Dark Teatime of the Doctor’s Soul: The Past Doctor Adventure Rags

rags

Image Credit: James Ashworth – All Rights Reserved

Image Description: Arnos Vale Cemetery

By James Ashworth

With a third Doctor story, there are a few things you expect. The Dashing Hero. The Glamorous Assistant. UNIT will probably make an appearance. This novel will seek to confound your expectations by only giving you the latter of the three, and even then in an almost unrecognisable form for the majority. This novel, published in 2001, and its author, Mick Lewis, give us the Dark Horse of Third Doctor stories, particularly appropriate given its cover. Enter the 1970s, and enter punk rock…

After a brief prologue, the novel opens with a crash. A punk band is hit by a group of Exeter Uni students, and the discovery of an ancient dagger leads to the band becoming possessed by the Ragman, heading his Ragged Army. They then proceed on a series of gigs across the country, taking in Dartmoor, Glastonbury and Bristol along the way. Their music changes people, makes them hate, and so a trail of murder follows closely behind them. The Doctor sends in Jo as his agent, but she is soon under the Ragman’s spell, while the Doctor soon falls into his clutches. As even the Brigadier is corrupted, it takes the family which began it all to take on the Ragman in a battle for society and civilisation as we know it.

For fans of Terry Pratchett, this plot may seem oddly familiar. If you exclude the Ragman’s descendants, this novel reads as a dark reflection of Soul Music, published 7 years earlier in 1994. A down on their luck band finds an object of great power. Their music releases this power and this warps the people around them, leaving chaos in their wake. Meanwhile, a person of great power seeks to track them down and stop them before the power can achieve its goal. Even the concept of the band having no real name is common to both novels! With only a few alterations, and a drastic change of tone, it would be quite easy to see the Doctor and Jo exploring Ankh-Morpok, chasing after ‘The Band with Rocks in’ instead.

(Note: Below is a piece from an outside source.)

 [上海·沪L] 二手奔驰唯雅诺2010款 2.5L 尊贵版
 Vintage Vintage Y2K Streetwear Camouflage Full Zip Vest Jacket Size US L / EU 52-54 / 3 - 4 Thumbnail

Perhaps the most powerful part of this novel is the atmosphere. Dark and overbearing, dank and depressing, it sucks away any levity to leave a bleak world that our heroes find themselves in. But then again, that’s exactly the point. This novel focuses on the unrest and hardship that is a key component of the history of the 1970s, perhaps reaching its climax in ‘The Winter of Discontent’. The Ragman, and the Band as an extension, preys upon the desperation and disaffection in order to win followers to its cause, while a few well placed deaths bring the Police, Nobility and even the Royal Family into disrepute, further strengthening their hand. For a Whovian, perhaps the most shocking thing is the corruption of The Brigadier, as I’ve previously mentioned. As the novel progresses, the reserved, rigid demeanour we have come to expect is well and truly broken as The Brigadier becomes a different man entirely. He becomes unrecognisible, as vehement rage spews forth against the Ragged Army, ordering all-out attack as his perception is changed to see them as a threat to the order he holds dear. Jo too is changed, her sweet innocence tainted by the influence of the Band. While she fights it, she still sells out an undercover Sergeant Benton to the Ragged Army, and only the timely intervention of a less corrupted Brigadier can save him. Benton, receiving a knock on the head for his troubles, is the only one, apart from The Doctor, who can truly appreciate the depravity of the band, and the hypocrisy of their message, equality through hate, but his reach is limited. Truly, as the 1977 song says, there are ‘no more heroes anymore’.

Unfortunately, for me, the novel does too good a job at creating this atmosphere. All the characters become thoroughly unlikeable, and getting towards the end of the novel becomes a slog through wave after wave of gore and sadness. It doesn’t help that The Doctor, normally a beacon of light and hope, is caught in The Ragman’s world for most of the final third of the novel, as the atmosphere reaches its nadir, and appears somewhat sparingly before then. While Doctor-lite stories can and have been successful, there needs to be someone to brighten things up a bit, but the only one who fits is Benton, who doesn’t feature enough either for this to work. Also, while the atmosphere may be powerful, the characterisation is also somewhat problematic. While the Ragman may be corrupting them into forms we no longer recognise, the end result are a group of characters who, to me, feel like a bunch of stereotypes rather than unique individuals, making our interest in them more dilute than it should be.

In all, if you’re looking for a different kind of 3rd Doctor story, this is the novel for you. All the familiar points of reference are swept aside, leaving a different kind of story behind. This book definitely has some interesting ideas, but it never quite reaches their full potential, giving us an experiment exploring a different side of the Pertwee era. This, coupled with the grim nature of the story, makes Rags a tough read. Give me Soul Music any day.